University News | October 01, 2018
Marc Abrahams, founder of the Ig Nobel Prize, visited Hokkaido University on September 26th to participate in a special discussion event titled “Research for Laughter, Research for Thinking”. He was joined by two Ig Nobel recipients from Hokkaido University; Professor Toshiyuki Nakagaki, winner of both the 2008 “Ig Nobel Cognitive Science Prize” and the 2010 “Ig Nobel Transportation Planning Prize” for his research on slime molds, and Associate Professor Kazunori Yoshizawa, who won the 2017 “Ig Nobel Biology Prize” for discovering reversed sexual organs in a species of cave insect.
Founded in 1991 and dubbed a parody of the Nobel Prize, Ig Nobel Prizes are awarded each year to “achievements that make people laugh, and then think.” The award ceremony is held yearly at Harvard University and attended by both Ig Nobel Prize winners and actual Nobel Prize winners. Research awarded an Ig Nobel often become points of interest inside and outside the scientific community. Describing the prize, Abrahams explained “For most people, the immediate reaction when they find something so surprising, so far outside their experience, is laughing. So that’s why laughter is an important quality for research and the prize.”
During the discussion event, Abrahams challenged Nakagaki and Yoshizawa to try a new style of lectures which he named “Two/Too Lectures.” In this lecture, the lecturer explains their research in just two minutes, and then explains the same thing again, in two minutes, but using a completely different metaphor. “When a good teacher finds an explanation does not work and a student does not understand, the teacher tries to think of a completely different way to explain it. I wanted to experiment that today,” Abrahams said. Following both two-minute presentations, the audience voted for which short talk was more understandable.
In a Q&A session following the event, a student asked Abrahams for his opinion on current government policies that tend to fund applied research rather than fundamental research. Abrahams responded, “Research is when somebody looks for something that nobody understands yet. It’s risky and frustrating. Most of the time you will fail, and you know that in advance. So doing research and funding research is frustrating for governments and companies, but that’s the true cost. If you do not spend time and money to do that, it will be much more expensive because it means nothing will ever improve.”
At the end of the event, the audience threw paper airplanes at the lecturers, replicating the tradition at the actual Ig Nobel Prize ceremony.
As of now, Japanese researchers have claimed 23 Ig Nobels, and this year marks the 12th consecutive year a Japanese researcher has taken one of the prizes.
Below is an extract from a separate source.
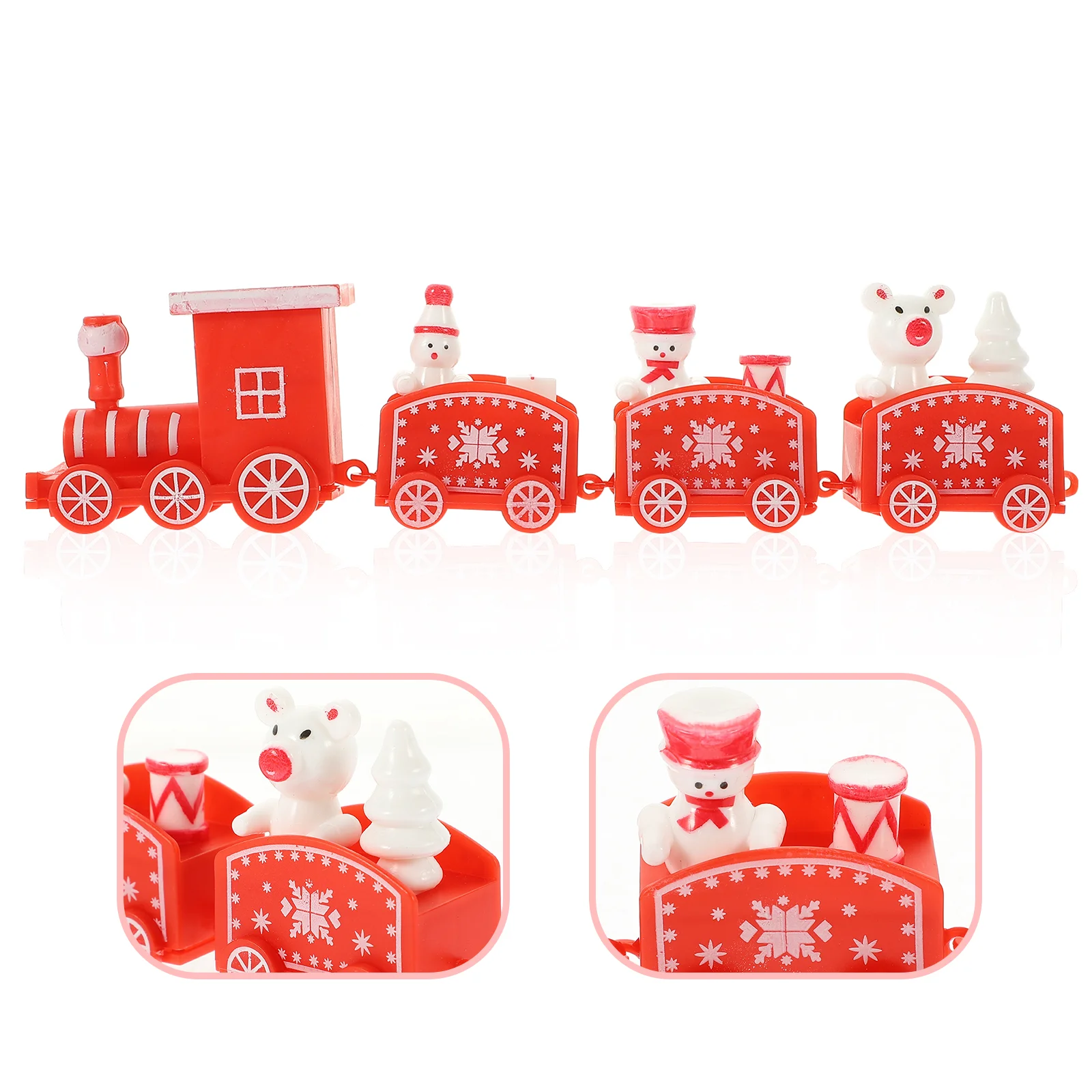 Christmas Decoration Mini Christmas Train Christmas Decor Baking Train Decor Party Decor Christmas Train Set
Hokkaido University is so far the only university in Japan that has produced two winners. From September 22nd to November 4th, Gallery AaMo at Tokyo Dome City is holding the world’s first official Ig Nobel Prize Exhibition.
The event was hosted by the Communication in Science and Technology Education and Research Program (CoSTEP) and the university’s public relations division, organized by Specially Appointed Assistant Professor Kiyoshi Furusawa of CoSTEP, and held at Enyu Gakusya on the Sapporo Campus.